Hiding, Healing, & Allowing Yourself to Be Seen
Why we hide & how it hinders our healing
Vulnerability is scary, but hiding *hurts*.
Hiding hurts. So why do we do it?
You know the story: you’re living life when something happens. You get hurt. Then, you vow to never let yourself get hurt again.
So, you shut yourself down and beef up all the ways you protect yourself. In other words, you start to hide. You hide in hopes that it will keep you safe, but instead, it blocks you from all you need to actually heal.
Why We Hide
Hiding is when we put up walls to protect ourselves from being hurt, but in the process, we create barriers to getting our needs met. Walls might feel good because it can be effective against risks, but walls don’t have filters. When the “bad stuff” can’t be let in, neither can the “good stuff.”
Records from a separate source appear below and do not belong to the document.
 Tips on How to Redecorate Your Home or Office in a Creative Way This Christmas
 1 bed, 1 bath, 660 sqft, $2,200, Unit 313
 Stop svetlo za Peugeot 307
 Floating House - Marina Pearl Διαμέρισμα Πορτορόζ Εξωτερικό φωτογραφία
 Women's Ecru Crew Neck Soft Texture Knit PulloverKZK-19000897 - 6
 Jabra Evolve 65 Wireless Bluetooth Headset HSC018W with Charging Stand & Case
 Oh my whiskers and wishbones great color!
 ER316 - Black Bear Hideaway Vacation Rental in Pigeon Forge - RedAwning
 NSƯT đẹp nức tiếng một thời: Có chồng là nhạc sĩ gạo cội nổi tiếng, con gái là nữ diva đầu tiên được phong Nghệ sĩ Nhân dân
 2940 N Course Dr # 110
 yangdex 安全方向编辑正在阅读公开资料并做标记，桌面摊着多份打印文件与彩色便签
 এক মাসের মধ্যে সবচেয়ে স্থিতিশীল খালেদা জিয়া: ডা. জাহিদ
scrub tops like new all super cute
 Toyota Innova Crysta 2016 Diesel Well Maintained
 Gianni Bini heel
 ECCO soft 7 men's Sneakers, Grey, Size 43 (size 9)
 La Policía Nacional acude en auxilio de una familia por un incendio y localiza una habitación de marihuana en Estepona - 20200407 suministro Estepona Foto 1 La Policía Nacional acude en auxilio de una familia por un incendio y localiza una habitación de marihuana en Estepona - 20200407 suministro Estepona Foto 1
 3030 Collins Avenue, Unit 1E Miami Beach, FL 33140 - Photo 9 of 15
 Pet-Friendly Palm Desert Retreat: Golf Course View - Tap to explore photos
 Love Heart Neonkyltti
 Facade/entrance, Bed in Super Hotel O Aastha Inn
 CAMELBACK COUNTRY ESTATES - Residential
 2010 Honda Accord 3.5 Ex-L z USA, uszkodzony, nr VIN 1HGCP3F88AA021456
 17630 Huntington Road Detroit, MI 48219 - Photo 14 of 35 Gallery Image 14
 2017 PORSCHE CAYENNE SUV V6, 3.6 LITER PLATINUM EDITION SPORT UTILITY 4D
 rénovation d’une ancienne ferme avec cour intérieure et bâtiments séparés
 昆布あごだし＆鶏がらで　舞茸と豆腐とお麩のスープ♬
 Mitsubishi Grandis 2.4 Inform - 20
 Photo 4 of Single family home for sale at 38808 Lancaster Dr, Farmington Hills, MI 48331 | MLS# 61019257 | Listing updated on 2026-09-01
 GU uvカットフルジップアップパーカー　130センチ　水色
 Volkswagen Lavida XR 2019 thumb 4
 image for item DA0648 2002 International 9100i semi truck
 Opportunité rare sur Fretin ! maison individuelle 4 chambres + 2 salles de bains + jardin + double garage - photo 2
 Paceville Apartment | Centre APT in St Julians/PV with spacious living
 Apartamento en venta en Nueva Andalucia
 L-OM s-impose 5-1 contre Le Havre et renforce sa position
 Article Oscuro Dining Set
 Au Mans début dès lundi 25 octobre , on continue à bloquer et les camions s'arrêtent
The longer we hide, the more we feel disconnected from ourselves and others. And around the wrong people—even when we try to connect, to open up, to be visible—we end up feeling hurt, dismissed, and unseen, yet again. So, the hiding continues.
When You’ve Been Hiding, You May Notice:
You feel invisible
You feel stuck
You feel alone
You feel like no one gets you
You feel bad, but also feel guilty for feeling bad
You struggle with low self-esteem
You’re burned out or uninspired
You feel trapped in a life you don’t want
You feel incapable of living the life you do want
Still, it makes sense that we hide. It’s scary to balance protecting yourself from harm with allowing in connection. It’s hard to trade in the walls for boundaries, to actively participate in deciding what has access to you and taking on risks in the process.
Vulnerability is scary, but hiding *hurts*. It hurts to be cut off from the opportunity to get our needs met.
The shift comes when we realize that, yes, vulnerability is hard, but so is living behind walls. We get to choose our hard.
We get to choose the hard work of sitting with our feelings, of confronting our pasts, of grieving, of unravelling, of unlearning, of opening, of choosing ourselves, of practicing boundaries, and of letting love in.
We get to choose to let ourselves be seen.
That’s my hope for you. That after all you’ve been through, after all the ways you’ve survived, that you choose thriving, you choose healing, you choose to let yourself be seen.